**Your task**
Your copy starts at the line containing "52 PCS Honeycomb" and ends at the last line of the material below. Reproduce those lines exactly, with no pictures.

**Data segment**
--------

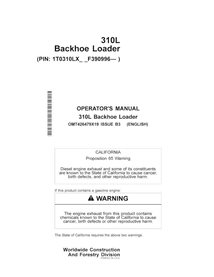 JD-OMT426479X19 John Deere 310L backhoe loader operator's manual (OMT426479X19)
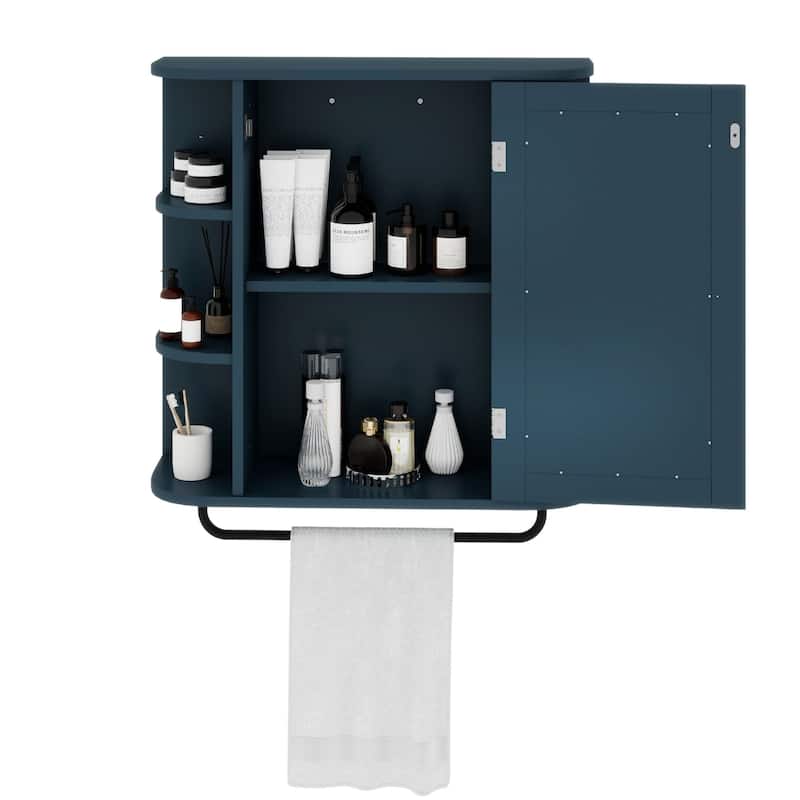 Wall Mounted Bathroom Medicine Cabinet with Mirror Door and Removable Shelf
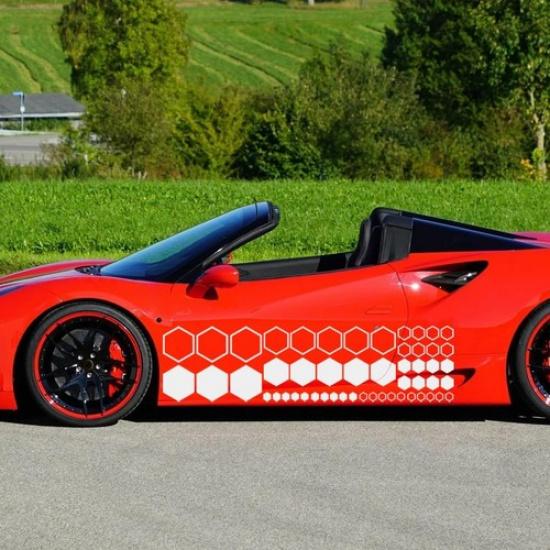 52 PCS Honeycomb Decals Vinyl Hexagonal Graphics Sticker Car -White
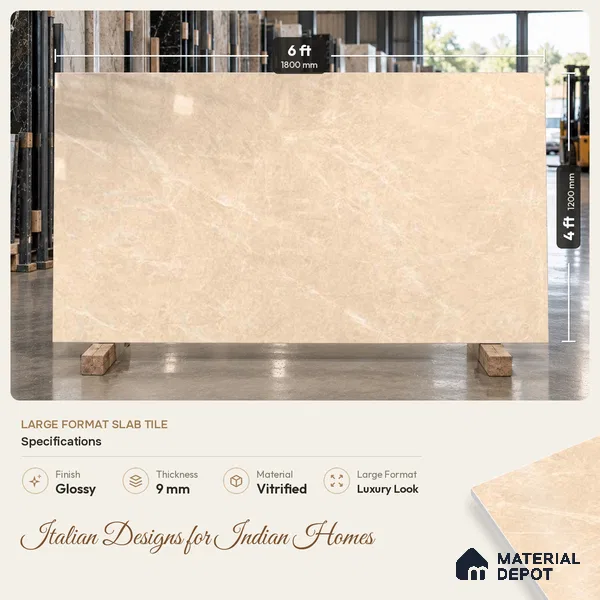 Marbles & Stones Floor Tile TL 12171 B Provenza Beige Endless 6 ft x 4 ft Glossy Finish Vitrified Tile - 9 mm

--------

**Answer to this exercise**
 52 PCS Honeycomb Decals Vinyl Hexagonal Graphics Sticker Car -White
 Marbles & Stones Floor Tile TL 12171 B Provenza Beige Endless 6 ft x 4 ft Glossy Finish Vitrified Tile - 9 mm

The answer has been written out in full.